Rüdiger Fahrmeyer und Maria Weidenbach (sitzend) gewannen die kleine Auszeit im Landgasthof Schneller von Eckhard und Erika Schneller (stehend) in Katzwinkel. (Foto: KathaBe) Katzwinkel-Altenburg. Maria Weidenbach und Rüdiger Fahrmeyer aus Altenburg in der Gemeinde Altenahr im Ahrtal verbrachten kürzlich eine kleine Auszeit im Landgasthof Schneller von Erika und Eckhard Schneller in Katzwinkel. In den Genuss des verlängerten Wochenendes kamen sie, nachdem die beiden Schnellers vom gleichnamigen Landgasthof Ende August Flutopfer aus dem Ahrtal dazu aufgerufen hatten, sich für eine kleine Auszeit bei ihnen anzumelden.

Auch die Nichte von Rüdiger Fahrmeyer aus Wissen, die den Aufruf gelesen hatte, schickte eine Anfrage nach Katzwinkel, um die beiden nach Auswahl durch die Schnellers überraschen zu können. „Sie weiß, was wir alles verloren haben – und hat sich für uns eine Zeit gewünscht, in der wir nicht an das Elend denken müssen“, erzählt Fahrmeyer dankbar.

Dabei war es keine leichte Entscheidung für die Schnellers. Eine Vielzahl von Anrufen und Emails erreichten den Landgasthof. Letztendlich fiel ihre Wahl auf die beiden 80- und 77jährigen Altenburger. „Sie haben ihr Leben lang gearbeitet und jetzt alles verloren, daher haben wir uns so entschieden“, berichtet Erika Schneller.

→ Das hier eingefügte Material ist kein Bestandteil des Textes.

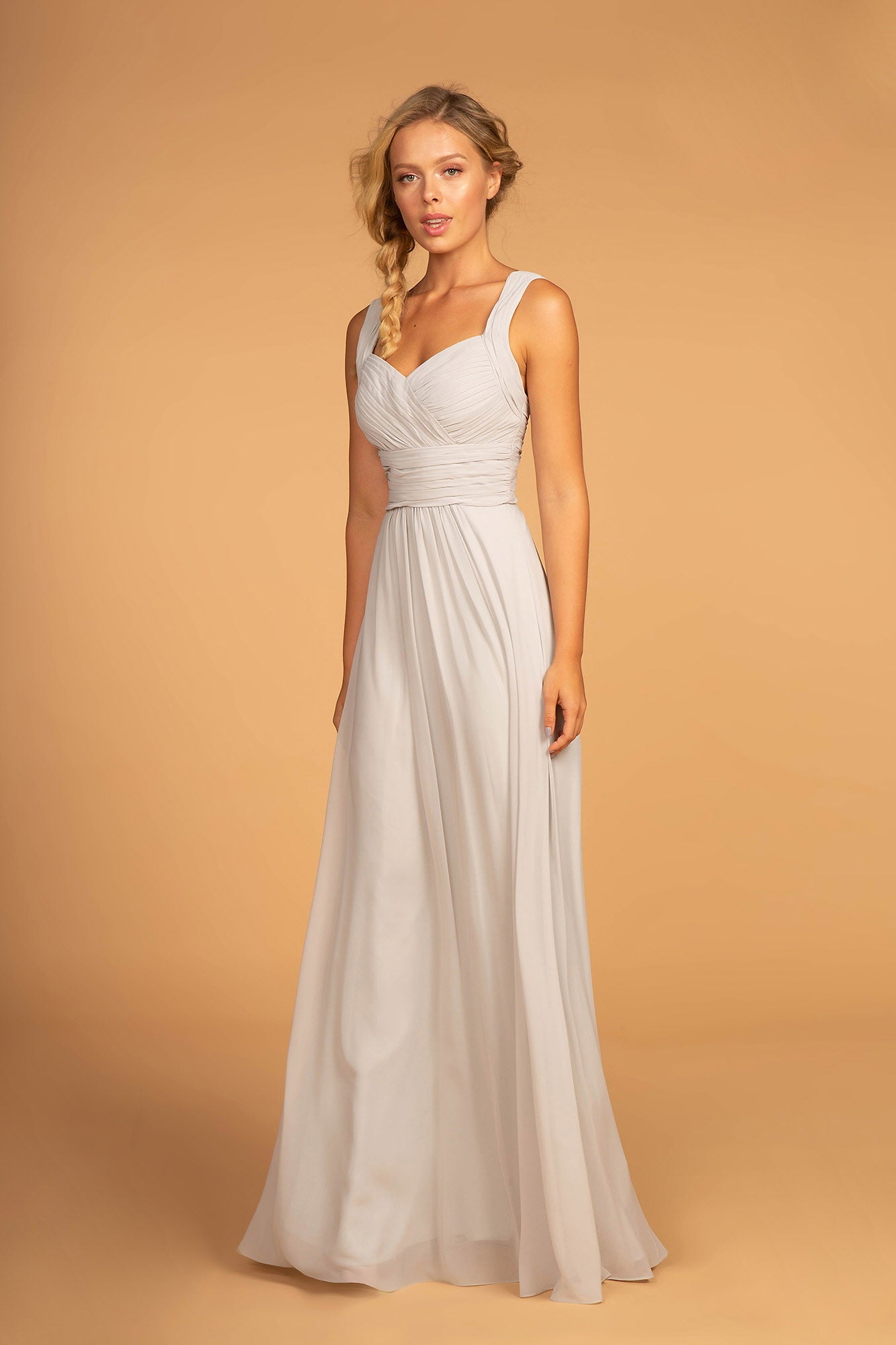 Chiffon Ruched-Bodice A-Line Long Dress Tux-USA Chiffon Ruched-Bodice A-Line Long Dress Tux-USA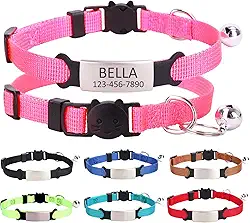Coleiras de gato gravadas personalizadas com nome e número de telefone, fivela ajustável personalizada e coleira de identificação de sino para gatinhos e gatos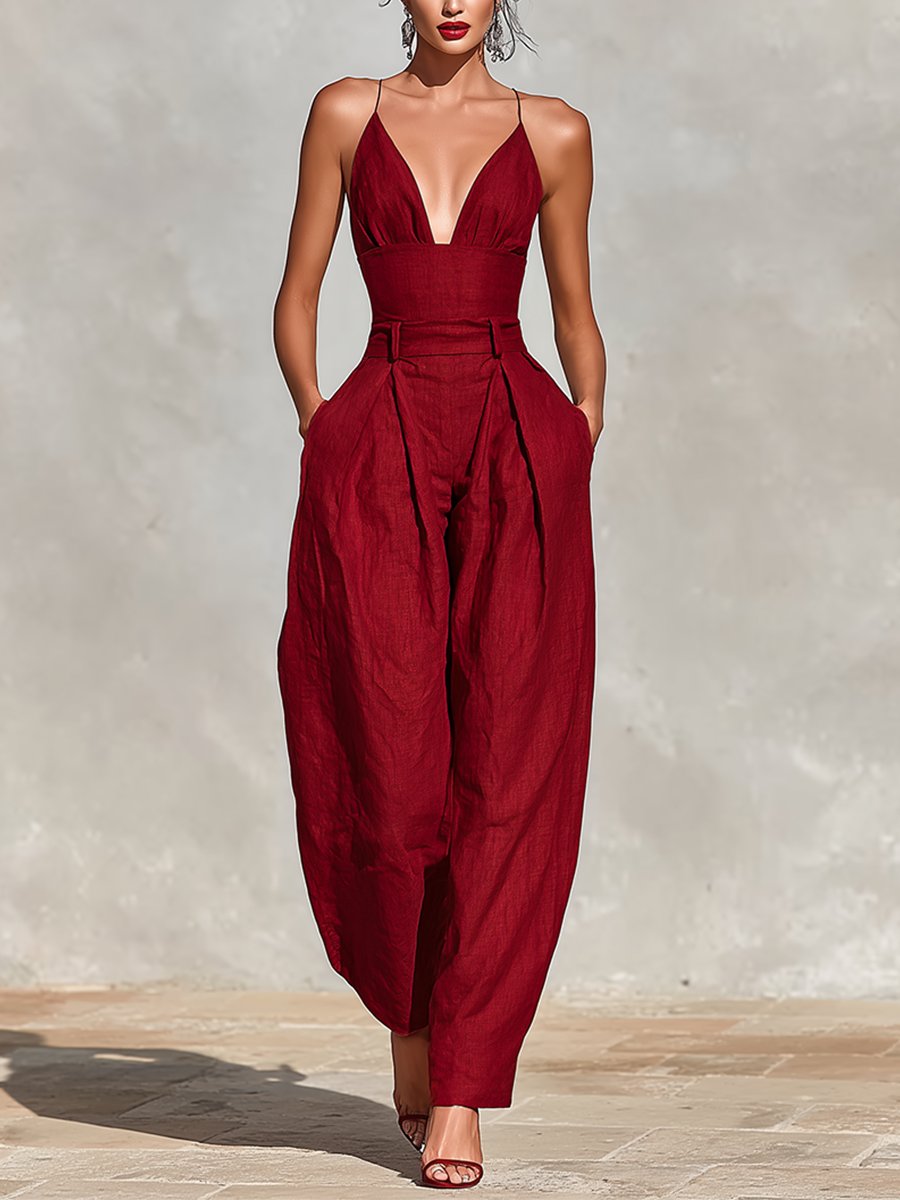 Constance | Women's Deep V Neck Wide Leg Jumpsuit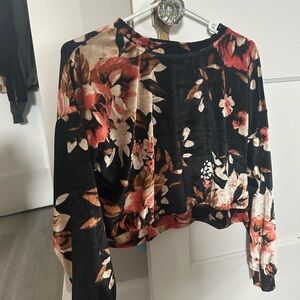 Cute Booty Lounge Black and Pink Floral Long Sleeve Top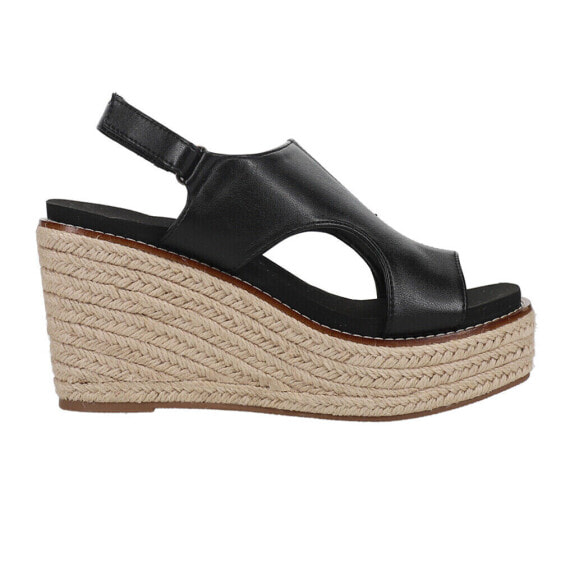 Corkys Freddie Espadrille Wedge Womens Black Casual Sandals 41-0189-BLCK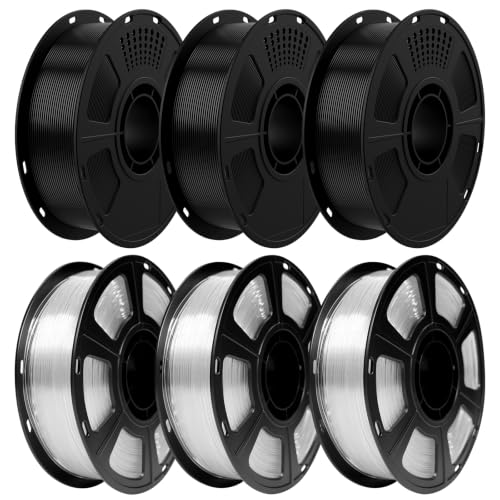 GIANTARM PETG Filament 1,75 mm 3D-Drucker 6 kg Spool,6PCS,Schwarz and Transparent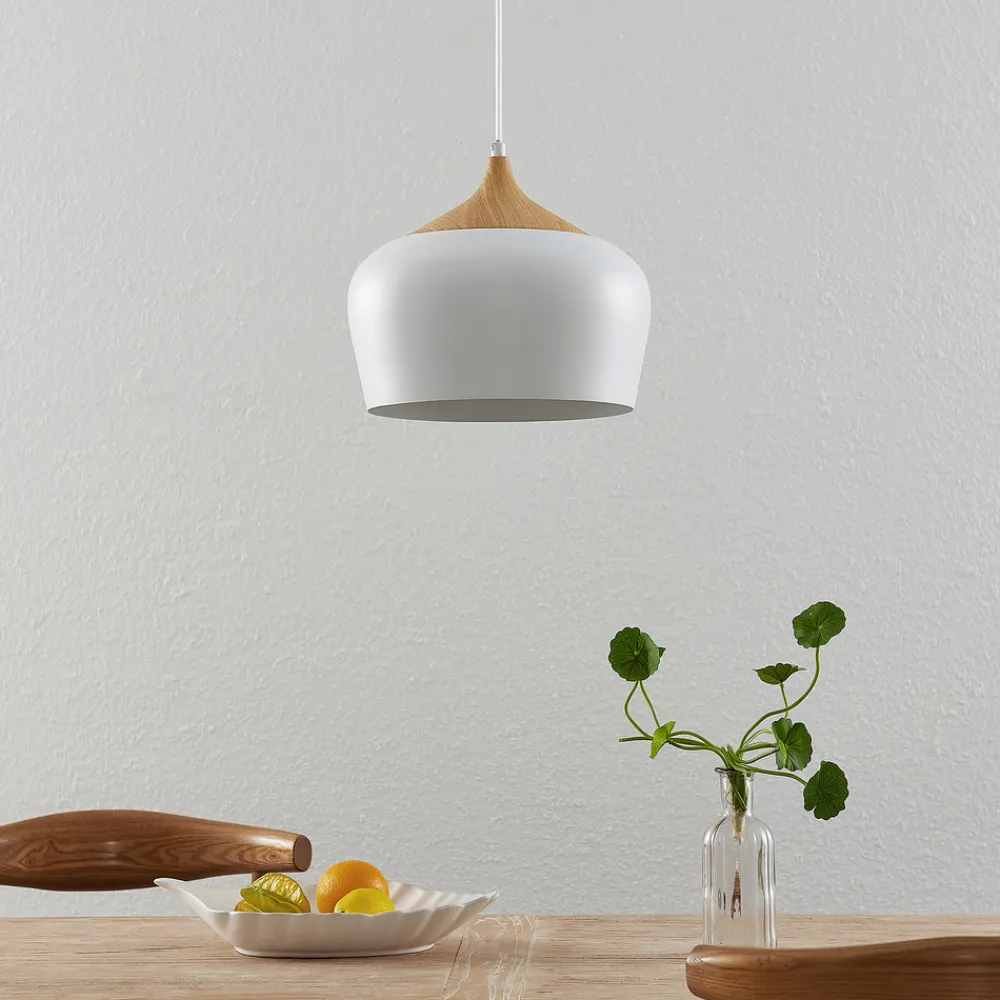 Lindby hengelampe Vilsera, hvit, metall/tre, 26 cm, E27 Best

Todesangst in der Flutnacht - Hüfthoch im Wasser auf dem Speicher
In der Nacht vom 14. auf den 15. Juli, als die Katastrophe über das Ahrtal hereinbrach, dachten die beiden Altenburger „Wir sterben hier“, schildert Maria Weidenbach. Das Wasser sei immer weiter gestiegen, so dass sie sich in ihrem Haus, quasi in erster Reihe an der Ahr, aus dem Erdgeschoss immer weiter bis auf den Speicher retteten. Selbst dort standen sie zum Höhepunkt der Flut hüfthoch im Wasser. Rund neun Meter hoch stieg das Wasser, es reichte etwa zur Höhe der vierten Dachpfanne bis es gegen Morgen zu sinken begann.
Niemand konnte an diesen ersten Tagen durch den hohen Schlamm mit Fahrzeugen gerettet werden, so dass auch Maria Weidenbach und Rüdiger Fahrmeyer erst nach mehr als 13 Stunden in Lebensangst mit dem Hubschrauber, samt ihrer Katze Susi geborgen wurden.

Zuerst notdürftig untergebracht, konnten sie mittlerweile ein kleines Ferienhäuschen in Quiddelbach bei Adenau anmieten. Dafür sind die beiden sehr dankbar, denn nicht alle hätten es so gut getroffen. Zudem sind sie mehr als froh über die vielen Helfer. Es seien überwiegend junge Leute gewesen, von überall auch aus der Schweiz und Belgien, so Weidenbach – und betont: „Über die Jugend muss keiner schimpfen. Die haben geackert wie die Pferde.“ Und auch aktuell seien noch Helfer vor Ort.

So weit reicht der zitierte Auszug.